Dabei gehen wir in den Fußstapfen der Bewegung, für die auch Halim Dener sich einsetzte und bis heute auch in unserer Geographie wirkt. Die Befreiungsbewegung Kurdistans setzt sich seit über 50 Jahren für ein Ende der nationalstaatlichen Gewalt, gegen den Kapitalismus als Ganzes und für die Transformation der patriarchalen Ordnung ein. Denn all dies bildet die Grundlagen für Krieg, Unterdrückung, Flucht, Tod und Ungerechtigkeit. Abdullah Öcalan, Philosoph und Vordenker der Befreiungsbewegung Kurdistans, spricht von einem ganzheitlichen Kampf gegen die kapitalistische Moderne, die ihre Wurzel im 5000 Jahre alten Patriarchat hat. Ökologie, Geschlechterbefreiung und wirkliche Demokratie sind die Grundpfeiler dieser Bewegung.

Diese Werte haben uns als Freund: innen, Genoss: innen, Gruppen, Initiativen und Organisationen, die die Kampagne Halim Dener gestartet haben oder über die Jahre mit ihr in Berührung gekommen sind, auf die ein oder andere Art inspiriert. Nicht nur wurde Halim Dener in der Gesellschaft und der Stadtpolitik öffentlich bekannt, auch viele junge Menschen haben sich mit uns durch die Kampagnenarbeit politisiert. In den 10 Jahren ist ein Erfahrungsschatz als Grundlage entstanden, der Vertrauen und Solidarität mit Leben gefüllt hat. Das Ziel, als radikale Linke und Befreiungsbewegung Kurdistans zusammenzurücken, welches die Grundidee in der Entstehung der Kampagne war, ist heute rückblickend klar aufgegangen!
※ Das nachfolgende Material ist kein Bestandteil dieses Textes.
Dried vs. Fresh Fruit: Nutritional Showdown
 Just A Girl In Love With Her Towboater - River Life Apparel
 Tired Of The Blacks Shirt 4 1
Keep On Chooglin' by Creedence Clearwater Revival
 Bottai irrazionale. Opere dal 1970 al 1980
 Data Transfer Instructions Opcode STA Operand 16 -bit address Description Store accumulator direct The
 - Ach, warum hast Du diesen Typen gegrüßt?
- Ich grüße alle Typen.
Diese Erfahrungen und diese Werte möchten wir auch heute auf dieser Konferenz in unsere gemeinsamen Diskussionen einfließen lassen. Wir möchten die klassische Kampagnenarbeit öffnen und heute den ersten Grundstein dafür legen, um einen gemeinsamen Schritt in die Zukunft zu machen. Denn wie wir derzeit spüren und wahrnehmen: Kriege werden wie nie zuvor ausgeweitet, Natur und Umwelt geraten aus den Fugen, Milliarden Menschen sind weltweit auf der Flucht, so viele wie noch nie in der Geschichte. All diese Probleme und Konflikte sind von Menschen gemacht. Als Menschen können wir sie auch beenden! Wenn wir uns dagegenstellen und dabei kämpferisch eine gemeinsame Alternative aufbauen, können wir Erfolge erzielen!

Es ist klar, dass dieser Kampf nicht einfach ist und dass wir noch einen langen Weg vor uns haben. Doch unsere kurz- und mittelfristigen Ziele sind klar: Wir wollen unseren gemeinsamen Kampf weiterentwickeln, unsere verschiedenen Kämpfe miteinander verbinden und gemeinsame Ziele definieren. Wir wollen ein starkes und solidarisches Netzwerk aufbauen, das in der Lage ist, den vielen Herausforderungen unserer Zeit wirksam zu begegnen.

Heute sind wir hier, um uns zu erinnern, zu reflektieren und unsere Kräfte zu bündeln. Wir wollen unsere Erfahrungen teilen, voneinander lernen und eine neue Form des Kämpfens, des Vertrauens und Aufbauens entwickeln, um unseren gemeinsamen Zielen näher zu kommen. Lasst uns Halim Deners Andenken ehren, indem wir unseren Kampf für Gerechtigkeit und Freiheit fortsetzen und verstärken.

Lasst uns heute gemeinsam den Tag beginnen mit den Worten: Gefoltert. Geflohen. Verboten. Erschossen. Kämpfe verbinden! Wie Abdullah Öcalan sagt: „Eine andere Welt ist möglich. Wir können sie schaffen, wenn wir zusammenkommen und kämpfen. [Wenn wir] zusammen das hier und jetzt mit dem richtigen und dem schönen Leben beginnen.“

Vielen Dank für eure Aufmerksamkeit.